For metals, a distinction is made between the primary microstructure and the secondary microstructure.
The primary structure is formed naturally during the solidification of a melt and is also called the casting structure. If heat is removed from the molten metal, the energy of the constantly moving atoms in it decreases. The kinetic energy of the atoms reduces until the bonding forces, as they occur in a solid crystalline compound, gain the upper hand. When such atoms meet, they stay together in an ordered and crystalline configuration. This results in a so-called seed crystal. If further atoms now attach themselves to this seed crystal, the crystal grows.
Nucleation can be accelerated by so-called seeding. In this process, substances of the same or different composition are added to the melt. In addition to nucleation, this can also support the formation of grain boundaries.
With the help of metallographic methods, the primary structure can be made visible in order to determine the grain size or to analyse defects.
The secondary structure is formed out of the primary structure. It can be formed naturally, e.g. by solid-state reactions, or artificially, e.g. by forging, rolling, drawing, etc. Compared to the primary structure, the secondary structure is characterized by small and fine grains.

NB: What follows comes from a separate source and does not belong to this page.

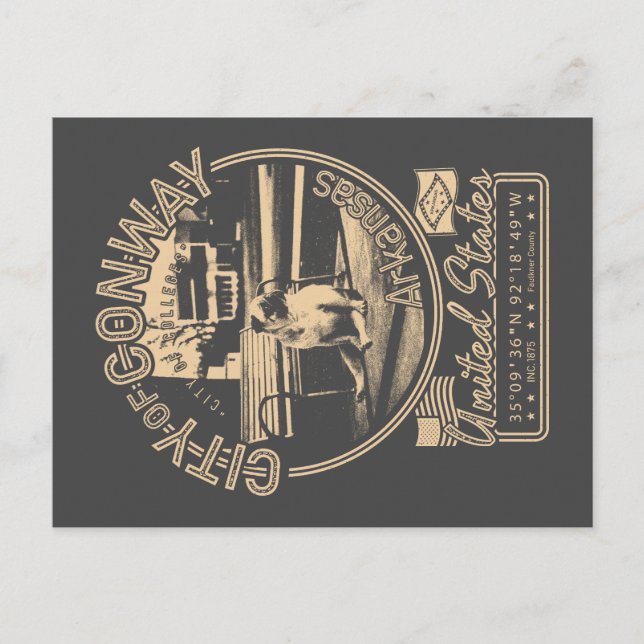 BAHN ARKANSAS - STADT VINTAG POSTKARTE (Vorderseite)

Types of microstructure using the example of iron materials
The microstructure of ferrous materials is differentiated by the carbon content:
- 0 % carbon corresponds to pure iron and is called ferrite or ɑ-iron.
- Ferrous materials with a carbon content below 0.8 % are called hypoeutectoid steels. They consist of pure ferrite grains and of ferrite grains interspersed with cementite. These are called pearlite grains.
- Eutectoid steel has a carbon content of 0.8%. It consists of a pure pearlite structure.
- Steel with a carbon content between 0.8 and 2.06 % is called hypereutectoid steel. The grain boundary cementite is a further structural component. The proportion increases with higher carbon content.
- Depending on the cooling rate and the alloying constituents, different types of microstructure can form in steels with a carbon content above 2.06 %. Slow cooling or the addition of silicon results in an iron-graphite composite. In this case, carbon forms a graphite phase. This is called the stable iron-carbon diagram. However, if the melt cools down quickly, it precipitates carbon primarily as cementite. The metastable iron-carbon diagram shows the microstructural transformations that takes place.
- At a carbon content of 4.3 %, the molten iron solidifies into a ledeburite structure.